Assignment: Transcribe exactly, and only, the lines from the one containing "Combat Fishing Devils" through the end of the entries below, leaving the pictures out.
──────────────────────────────
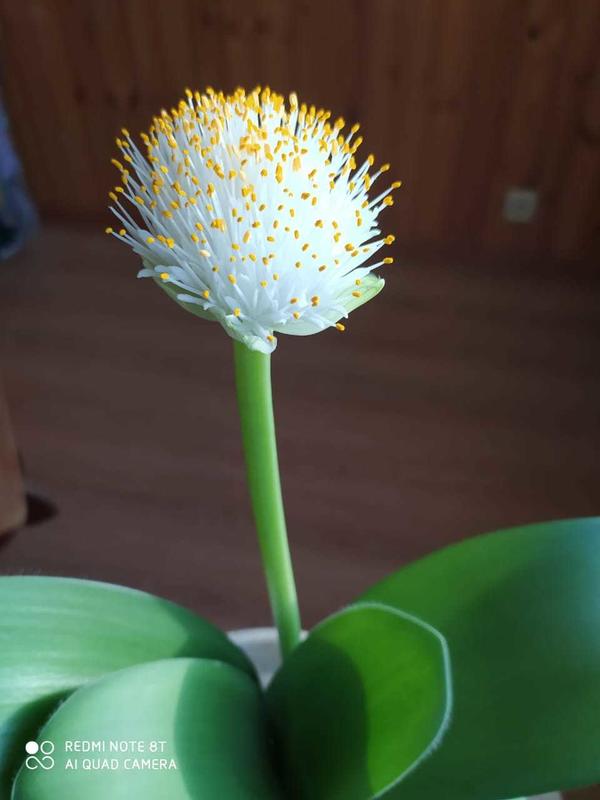 Какое название у цветка?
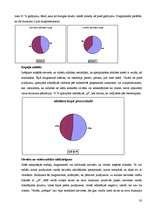 Referāts 'Dzimumu stereotipi', 20.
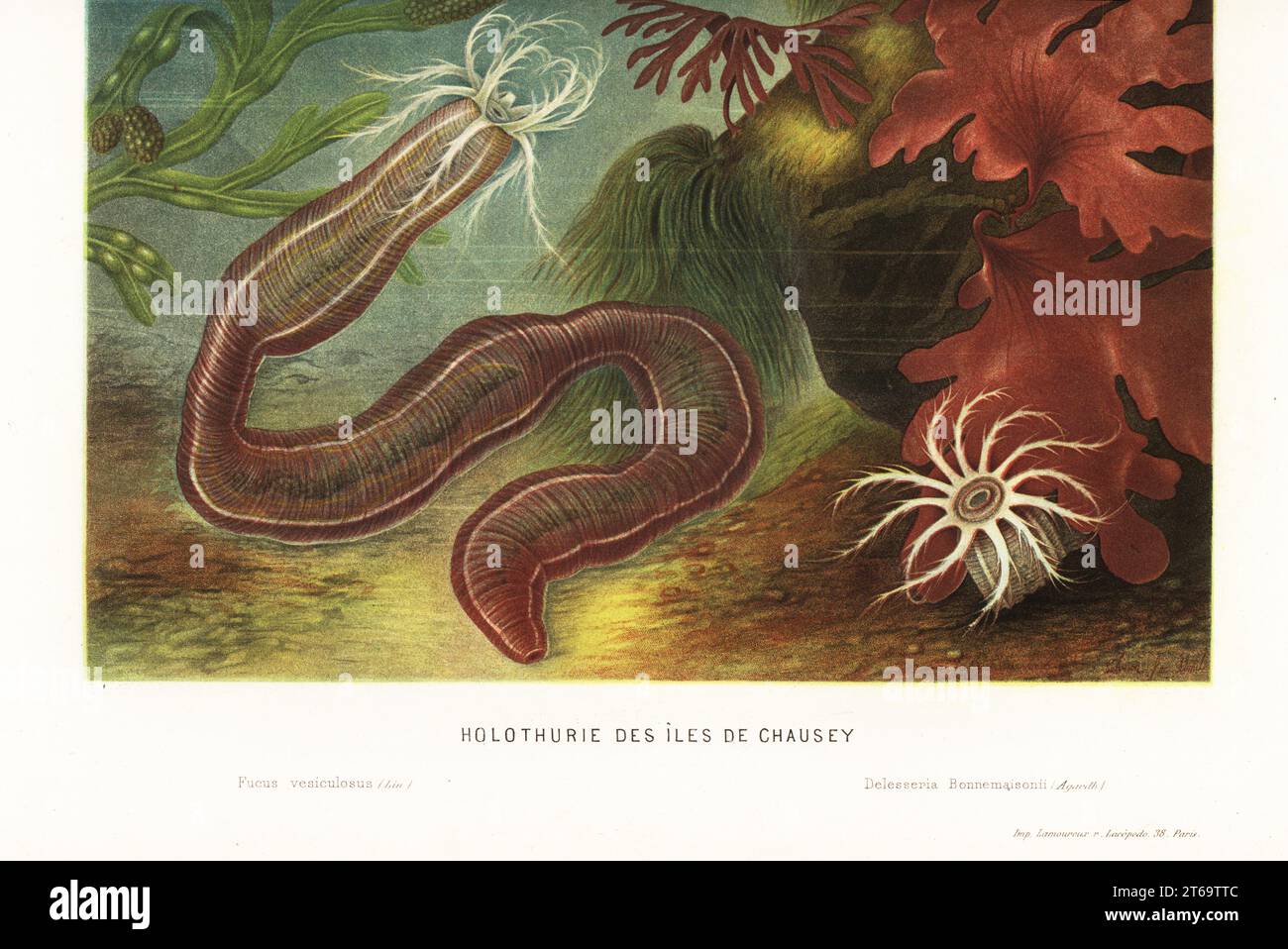 Sea cucumber, Holothuria arguinensis?, from the Chausey islands, Atlantic. With bladder wrack seaweed, Fucus vesiculosus, and red algae, Polyneura bonnemaisonii. Holothurie des iles de Chausey. Chromolithograph by Pierre Lackerbauer from Alfred Fredols Le Monde de la Mer, the World of the Sea, edited by Olivier Fredol, Librairie Hachette et. Cie., Paris, 1881. Alfred Fredol was the pseudonym of French zoologist and botanist Alfred Moquin-Tandon, 1804-1863. Stock Photo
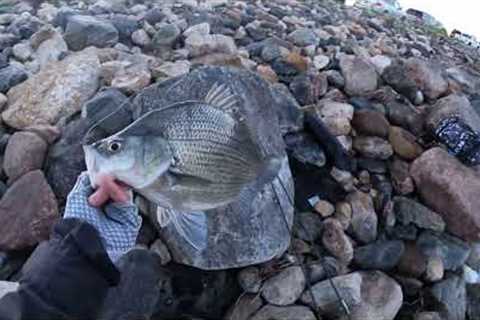 Combat Fishing Devils Lake, North Dakota 6-8-2024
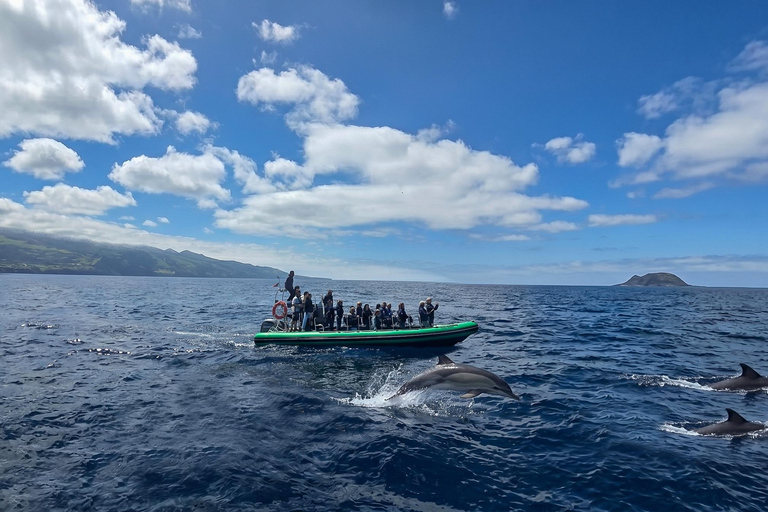 Trip to Vulcanic Corvo Island Including Island Sightseeing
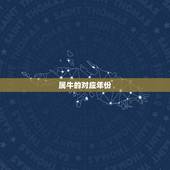 属牛的对应年份，年份对应天干地支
──────────────────────────────
Answer box:
 Combat Fishing Devils Lake, North Dakota 6-8-2024
 Trip to Vulcanic Corvo Island Including Island Sightseeing
 属牛的对应年份，年份对应天干地支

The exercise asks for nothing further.